第36話 青きレギオン・6


 まずケルテラ国に責任を取らすことにした。



 具体的には三国の内、ケルテラ国に他のカルナン国とセルダナ国を裏切ってもらい、同時にウェルダ条約機構も裏切ってもらう。



 ここで三国のナルド民族虐殺の密約を十分国際社会にわかる形で反故にしてもらおう。



 具体的にはナルド民族への虐殺の密約を公表さすか、そこが突き崩せなければ次策でそれを脅迫材料にナルド民族の戦争難民を手厚く保護してもらうか。



 ここでカルナン国とセルダナ国がナルド民族の虐殺に手を出そうものなら、いくら暴徒化した、反旗をひるがえした、一斉蜂起したと言っても通じない。



 横でケルテラ国がナルド民族の戦争難民を一生懸命保護している事実があれば、一斉蜂起の名目は崩れる。

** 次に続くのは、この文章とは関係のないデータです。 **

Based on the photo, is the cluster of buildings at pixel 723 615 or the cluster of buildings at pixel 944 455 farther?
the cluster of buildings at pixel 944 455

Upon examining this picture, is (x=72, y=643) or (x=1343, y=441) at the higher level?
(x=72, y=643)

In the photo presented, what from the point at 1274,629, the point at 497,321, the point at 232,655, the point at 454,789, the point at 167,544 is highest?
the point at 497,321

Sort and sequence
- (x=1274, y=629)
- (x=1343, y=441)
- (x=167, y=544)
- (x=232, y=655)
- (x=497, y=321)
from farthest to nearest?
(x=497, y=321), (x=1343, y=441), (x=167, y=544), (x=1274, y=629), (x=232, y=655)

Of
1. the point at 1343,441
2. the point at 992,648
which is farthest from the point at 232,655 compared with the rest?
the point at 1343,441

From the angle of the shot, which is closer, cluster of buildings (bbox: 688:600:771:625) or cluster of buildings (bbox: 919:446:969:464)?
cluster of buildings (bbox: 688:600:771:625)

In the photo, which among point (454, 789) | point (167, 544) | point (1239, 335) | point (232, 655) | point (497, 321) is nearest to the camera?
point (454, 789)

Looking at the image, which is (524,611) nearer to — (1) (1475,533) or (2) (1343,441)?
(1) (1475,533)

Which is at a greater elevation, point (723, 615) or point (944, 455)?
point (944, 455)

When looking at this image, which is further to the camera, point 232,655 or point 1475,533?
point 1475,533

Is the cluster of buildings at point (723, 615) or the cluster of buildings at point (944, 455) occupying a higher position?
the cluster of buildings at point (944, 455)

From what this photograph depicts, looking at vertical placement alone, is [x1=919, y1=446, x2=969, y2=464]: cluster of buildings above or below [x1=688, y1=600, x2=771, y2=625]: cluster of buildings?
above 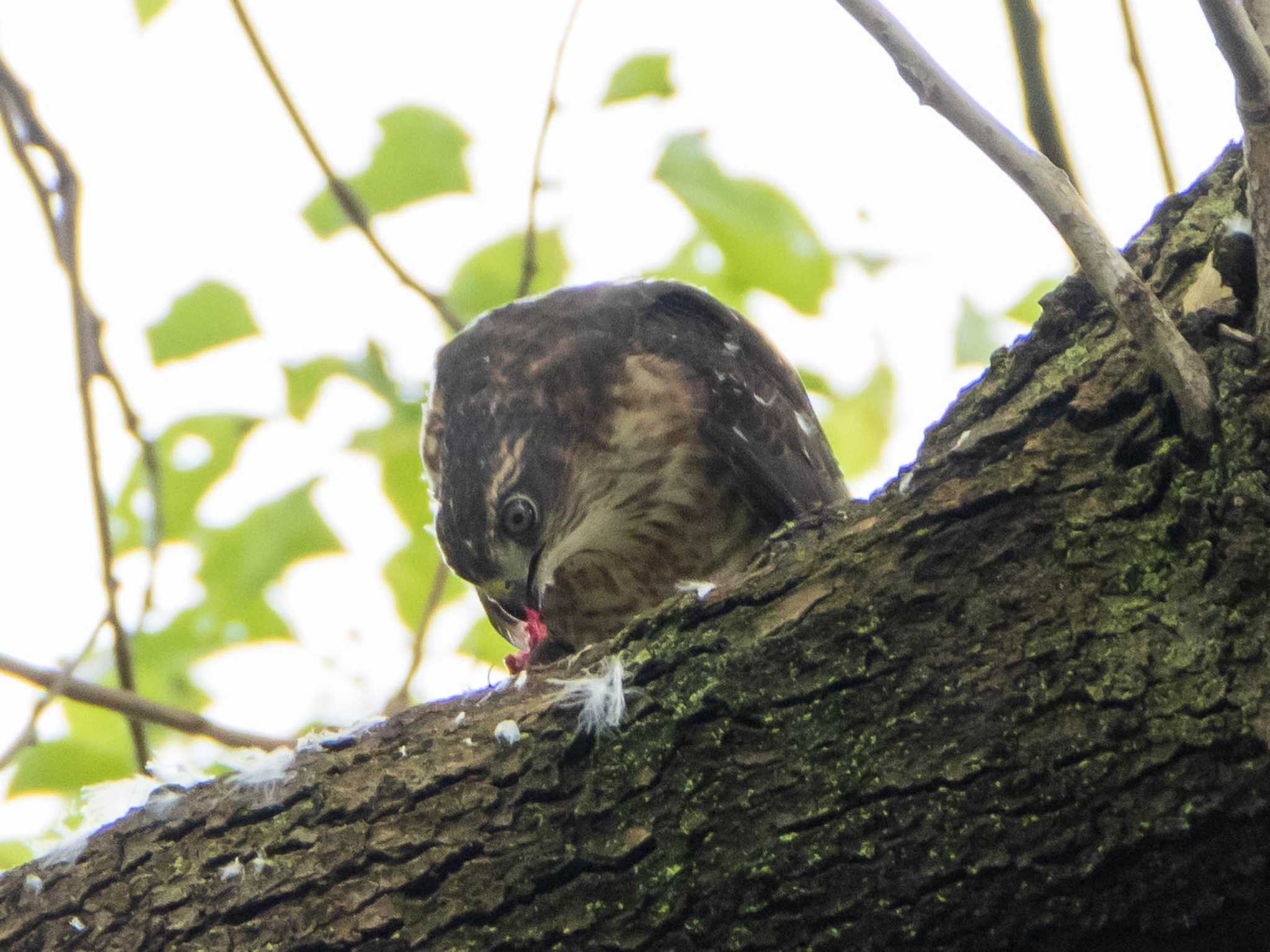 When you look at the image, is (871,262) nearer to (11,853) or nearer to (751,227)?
(751,227)

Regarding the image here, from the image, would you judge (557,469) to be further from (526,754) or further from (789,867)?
(789,867)

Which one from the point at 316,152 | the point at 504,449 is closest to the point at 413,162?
the point at 316,152

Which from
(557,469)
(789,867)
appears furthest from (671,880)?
(557,469)

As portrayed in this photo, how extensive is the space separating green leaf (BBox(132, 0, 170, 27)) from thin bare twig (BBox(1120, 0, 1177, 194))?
2569 millimetres

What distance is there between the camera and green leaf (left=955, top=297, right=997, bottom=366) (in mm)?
4160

 ウェルダ条約機構も名目もたたず、言い訳が効かない。ついでにバシュナ条約機構の方も。



 全部瓦解さすポイントはこんな所じゃ無いか?



 ちなみにライオネルに確率計算させたら結構よい数字をたたき出したので、我ながら当たりの方のアイディアだったらしい。



 そうと決まれば即実行だ。なにより時間勝負だ。



 まどろっこしい事をやっている暇は無いので、中枢を攻めに行こう。



 と言うわけで、今からケルテラ国中枢に殴り込みをかけに行く。



 強襲外交だな。



 今、ケルテラ国王の御前会議を開いているらしい御殿の一室を転移先に指定。



 正確には転移の瞬間は見られない方がよいので、壁一枚隔てた隣の廊下かどこか都合のよい所に。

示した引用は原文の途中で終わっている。